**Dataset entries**
•••
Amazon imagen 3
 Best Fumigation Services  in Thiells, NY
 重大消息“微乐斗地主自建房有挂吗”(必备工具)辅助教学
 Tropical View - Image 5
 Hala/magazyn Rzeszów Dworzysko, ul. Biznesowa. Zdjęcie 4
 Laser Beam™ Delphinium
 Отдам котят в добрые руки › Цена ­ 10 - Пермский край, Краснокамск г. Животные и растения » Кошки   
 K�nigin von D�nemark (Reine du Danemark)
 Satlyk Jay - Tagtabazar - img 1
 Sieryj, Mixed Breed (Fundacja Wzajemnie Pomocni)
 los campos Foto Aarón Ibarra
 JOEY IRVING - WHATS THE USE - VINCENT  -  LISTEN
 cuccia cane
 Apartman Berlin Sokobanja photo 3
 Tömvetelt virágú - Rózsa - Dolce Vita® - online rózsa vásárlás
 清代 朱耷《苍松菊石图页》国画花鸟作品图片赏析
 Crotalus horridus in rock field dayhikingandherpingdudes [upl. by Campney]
•••
**Task item**
Give the entries again exactly as they stand.

**Finished exercise**
Amazon imagen 3
 Best Fumigation Services  in Thiells, NY
 重大消息“微乐斗地主自建房有挂吗”(必备工具)辅助教学
 Tropical View - Image 5
 Hala/magazyn Rzeszów Dworzysko, ul. Biznesowa. Zdjęcie 4
 Laser Beam™ Delphinium
 Отдам котят в добрые руки › Цена ­ 10 - Пермский край, Краснокамск г. Животные и растения » Кошки   
 K�nigin von D�nemark (Reine du Danemark)
 Satlyk Jay - Tagtabazar - img 1
 Sieryj, Mixed Breed (Fundacja Wzajemnie Pomocni)
 los campos Foto Aarón Ibarra
 JOEY IRVING - WHATS THE USE - VINCENT  -  LISTEN
 cuccia cane
 Apartman Berlin Sokobanja photo 3
 Tömvetelt virágú - Rózsa - Dolce Vita® - online rózsa vásárlás
 清代 朱耷《苍松菊石图页》国画花鸟作品图片赏析
 Crotalus horridus in rock field dayhikingandherpingdudes [upl. by Campney]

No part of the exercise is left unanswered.